→ What to do
Take the line with "بالصور.. توافد المواطنين" and every line after it, through the end of the listing, and give them again exactly, pictures excluded.

→ Information provided

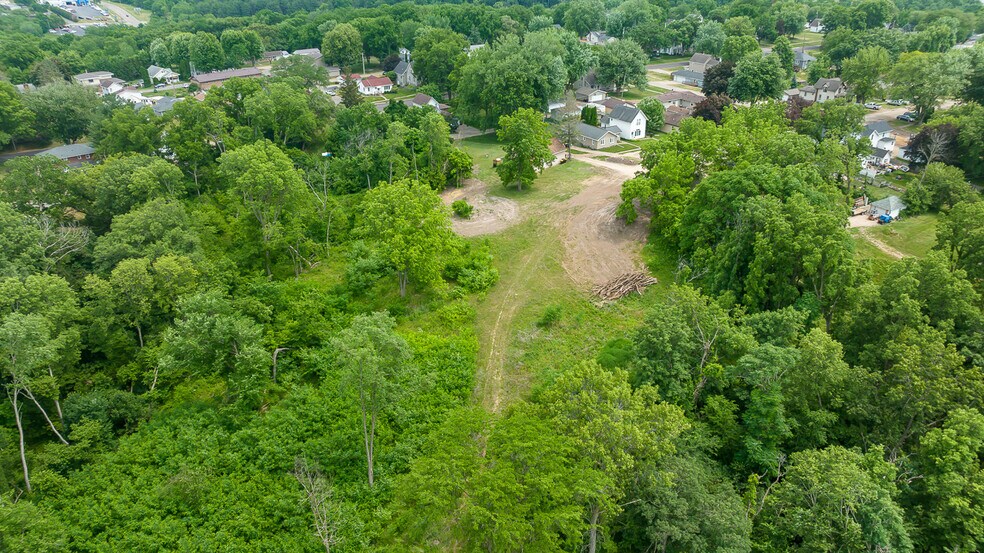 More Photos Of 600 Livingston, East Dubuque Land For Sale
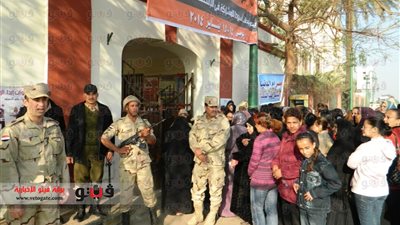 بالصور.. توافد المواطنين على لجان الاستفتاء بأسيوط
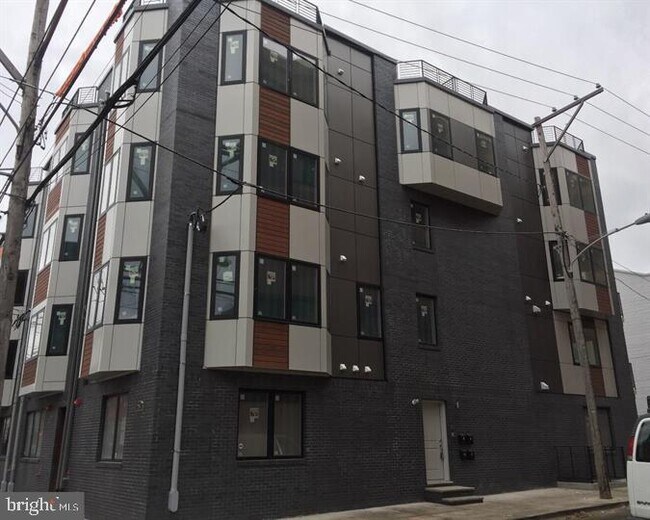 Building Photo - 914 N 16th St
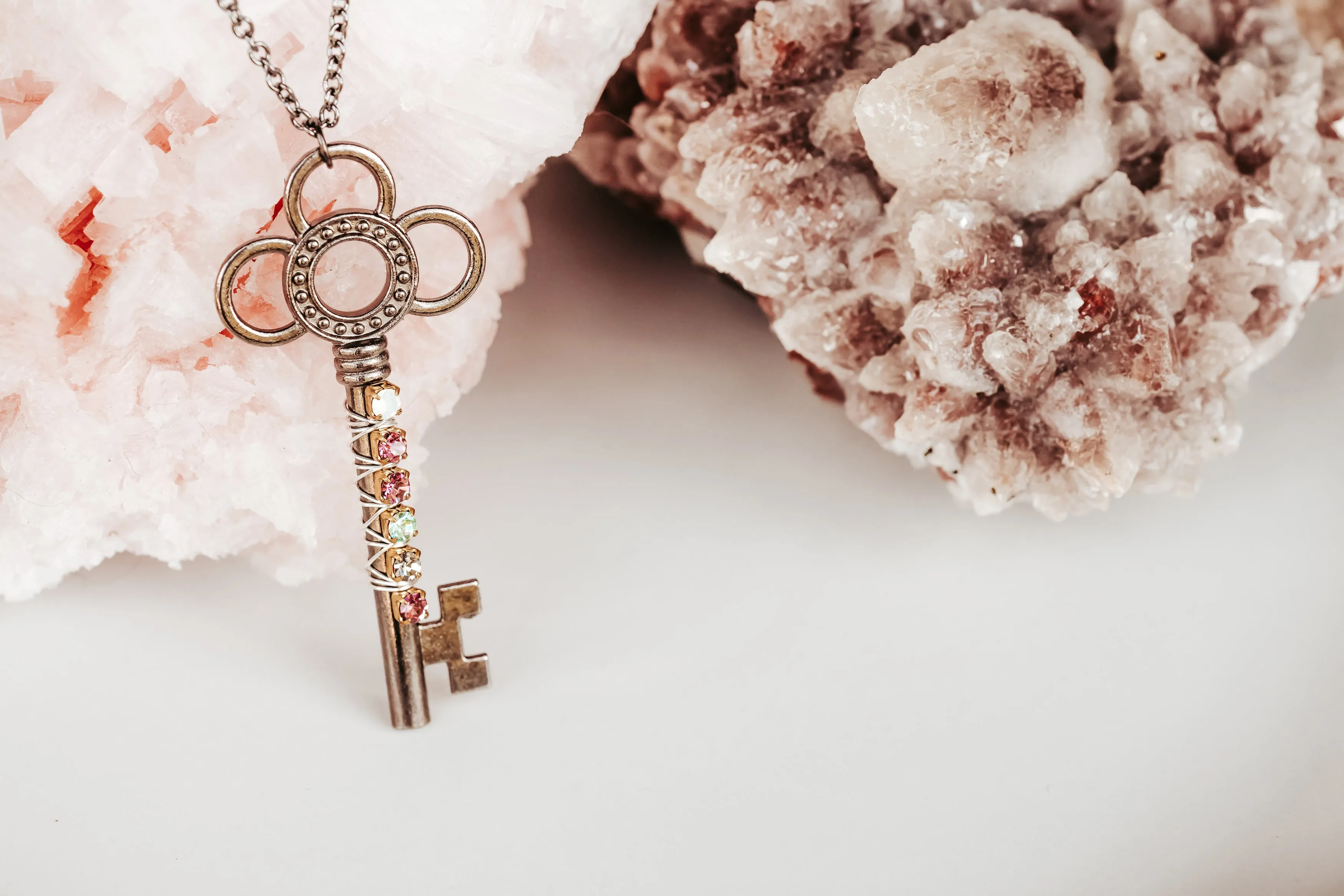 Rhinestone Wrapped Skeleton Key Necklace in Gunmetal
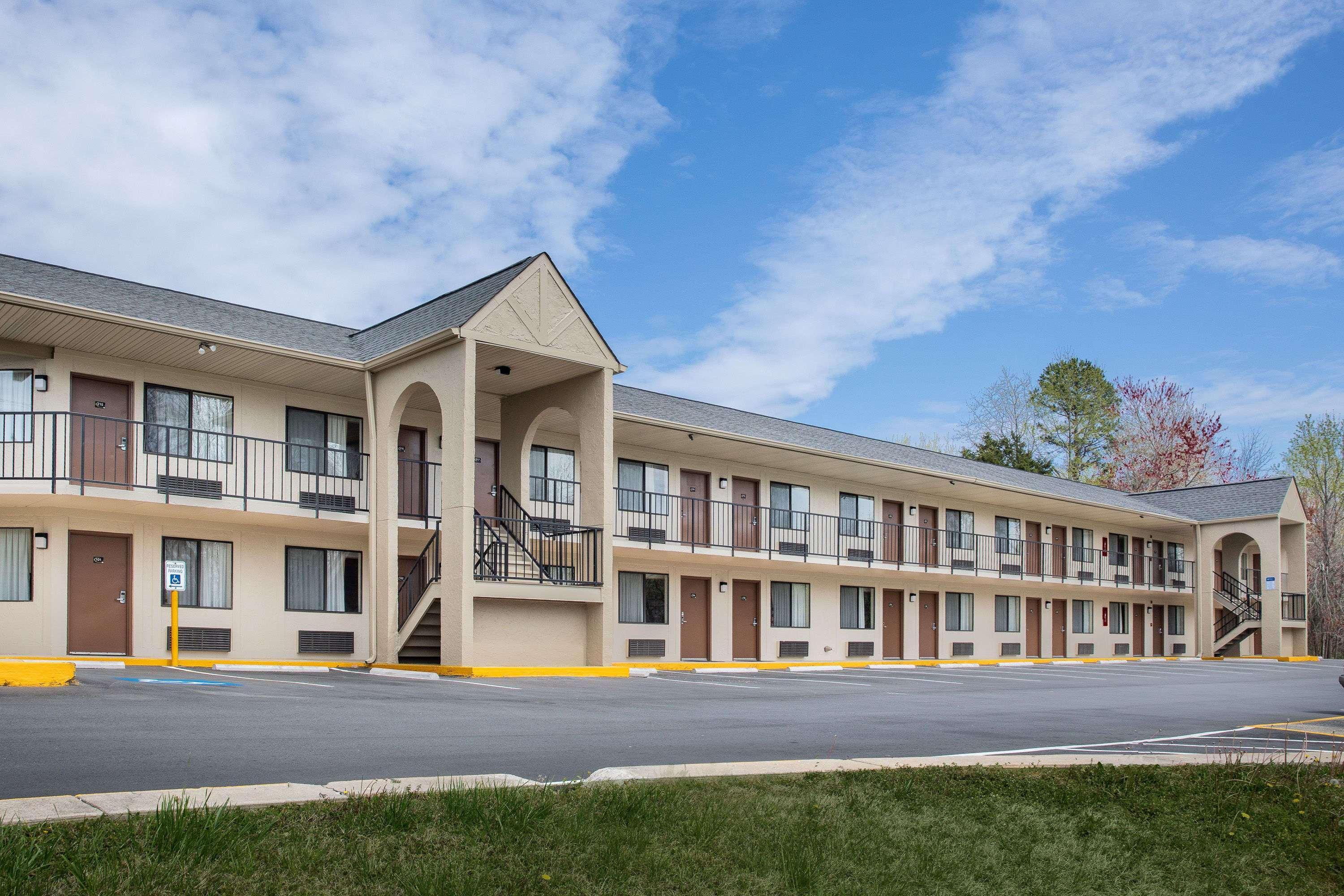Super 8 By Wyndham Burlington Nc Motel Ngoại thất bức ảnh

→ Result below
 بالصور.. توافد المواطنين على لجان الاستفتاء بأسيوط
 Building Photo - 914 N 16th St
 Rhinestone Wrapped Skeleton Key Necklace in Gunmetal
Super 8 By Wyndham Burlington Nc Motel Ngoại thất bức ảnh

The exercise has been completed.